ESPE Abstracts

Objectives: In laboratory medicine, external quality assessment (EQA) schemes have become versatile tools for the detection of analytical flaws. However, for pediatric sex steroid levels EQA schemes are lacking. We aimed to investigate the suitability of different estradiol and testosterone immunoassays in a pediatric setting, in comparison with clinical liquid chromatography-tandem mass spectrometry (LC-MS/MS) assays.

Methods: The study was conducted by staff and the advisory group of endocrinology at Equalis, the Swedish provider of EQA schemes for laboratory medicine. Test material consisted of five pooled serum samples from children either prepubertal or in early puberty. Clinical laboratories enrolled in Equalis EQA schemes for estradiol and testosterone were invited to participate as well as clinical laboratories using LC-MS/MS-assays. Samples were analyzed by either commercial immunoassays (n=18) or in- house LC-MS/MS assays (n=3).

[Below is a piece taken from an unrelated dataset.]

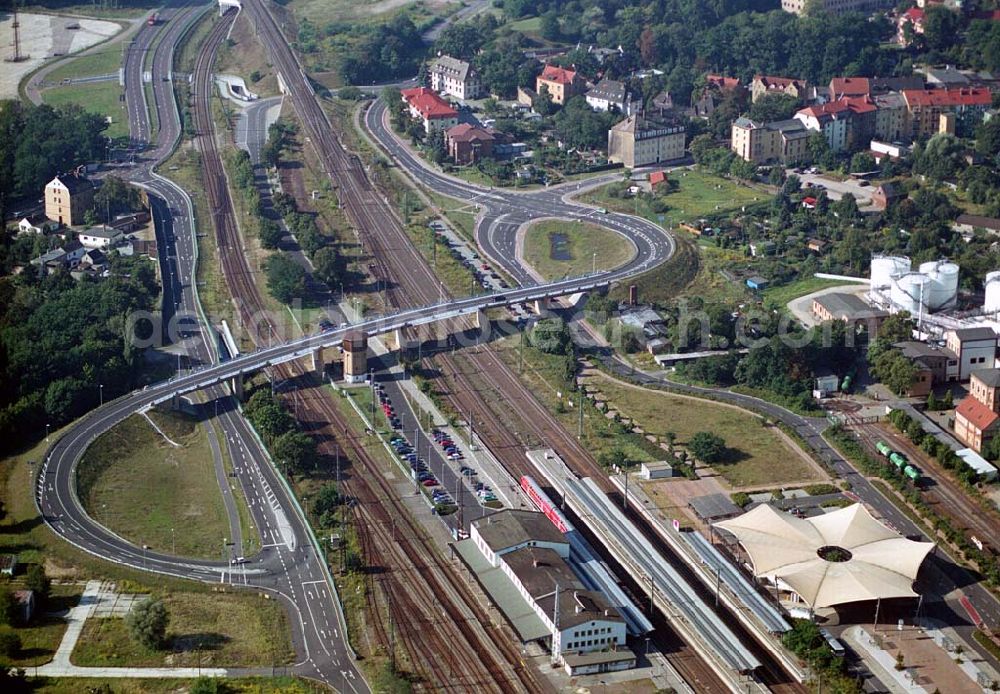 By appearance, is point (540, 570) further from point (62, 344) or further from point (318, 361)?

Results: For estradiol, LC-MS/MS assays showed a high degree of conformity with interlaboratory coefficients of variation (CV:s) below 24.2%. Reported levels were (mean±SD); 4.9±1.2; 8.5±1.3; 9.4 ±1.0; 16.6±0.6 and 33.9±1.6 pmol/L (group mean±standard deviation). The direct immunoassays had lower precision, their interlaboratory CV:s were up to 81.4%. Reported concentrations were 25.3±18.1; 32.6±25.3; 27.6±18.8; 32.8±26.7 and 45.7±19.4 pmol/L, a clear overestimation compared to LC-MS/MS. Testosterone LC-MS/MS also showed a high degree of conformity, CV:s were below 13.4%, and reported concentrations were 0.06±0.00; 0.19±0.02; 0.62±0.08; 0.99±0.11 and 1.00±0.11 nmol/L. The direct immunoassays had larger discrepancy between results; CV:s were up to 95.8%, with corresponding concentrations 0.12±0.11; 0.11±0.05; 0.46±0.12; 0.80±0.28 and 0.85±0.23 nmol/L. Both under- and over-estimation occurred.

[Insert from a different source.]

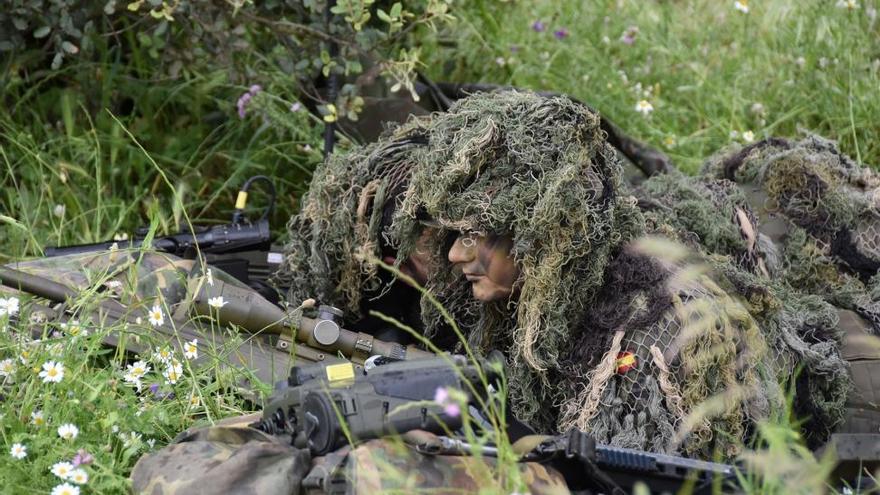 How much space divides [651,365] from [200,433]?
1080 mm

Conclusions: This study enabled some general conclusions to be drawn for samples from children. a) Commercially available estradiol immunoassays are not suitable for diagnosis in children. b) Commercially available testosterone immunoassays have an uncertainty of reproducibility in the low range that each individual user should consider. c) For safe diagnosis and determination of sex steroids in children, analysis with MS/MS-based methods is recommended. d) Every pediatric endocrinologist or laboratory scientist should be familiar with the pitfalls of their sex steroid methods used.